00:00:00:17 – 00:00:20:10
Singing (Tla-o-qui-aht Master Carver and Historian Joseph Tutakwisnapšiƛ Martin, Board Director, IISAAK OLAM Foundation)

Woo woo woo ho ya.

(Eli Enns, Tla-o-qui-aht Nation Citizen, Co-Founder and CEO, IISAAK OLAM Foundation)
čukʷaa haʔuk!

Whoa whoa ho ya!
(Drumming)

00:00:20:10 – 00:00:51:04
(Eli Enns, Tla-o-qui-aht Nation Citizen, Co-Founder and CEO, IISAAK OLAM Foundation)

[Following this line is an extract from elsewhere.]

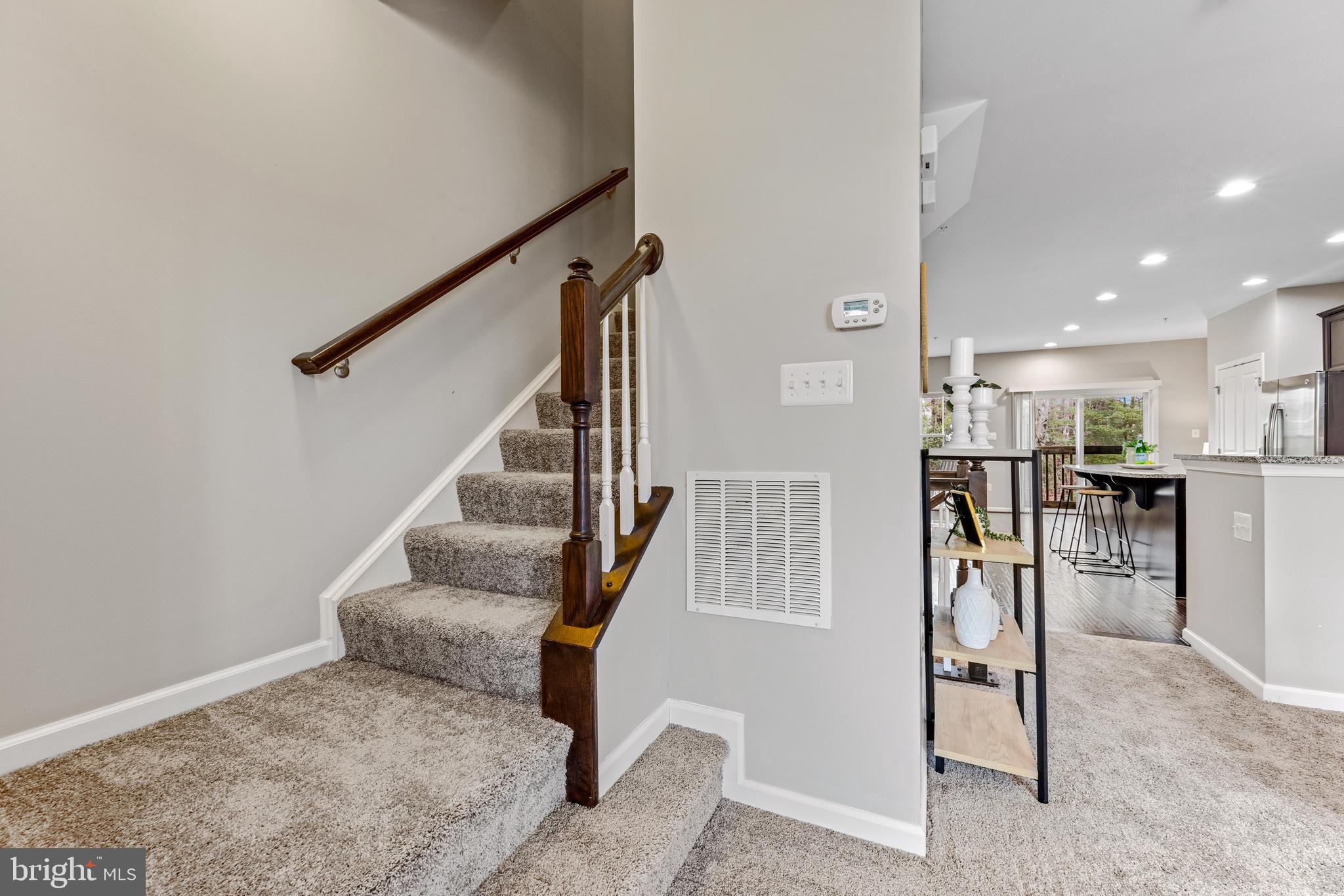 516 Willow Bend Dr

So the idea of Terra Nullius is a funny one. It’s controversial for a variety of reasons. And, one way, I think that’s – maybe a good approach is to look at the Indian Act from 1885 to 1951. During that period of the Indian Act. The Indian Act, by the way, was created in 1876.

00:00:51:06 – 00:01:29:15
But it had a variety of different versions. There was amendments and, whatnot along the way. Things were added, things were subtracted based on the times and the circumstances of the day. And, the 1885 to 1951 version of the Indian Act was, in my assessment of things, greatly affected by what became known eventually as the Red River Resistance.

00:01:29:15 – 00:03:03:05
And this was not just the Métis Nation. It was also, it also included First Nations of Northern Ontario, what we know today as Northern Ontario, Manitoba, like southern Manitoba, southern Saskatchewan.

It was not just the Métis, it was including the First Nations of those geo-political regions and, French diaspora. So following the aftermath of the Seven Years’ War, the remnants of New France were spread throughout North America, and there is a variety of small French settlements throughout the Prairie provinces.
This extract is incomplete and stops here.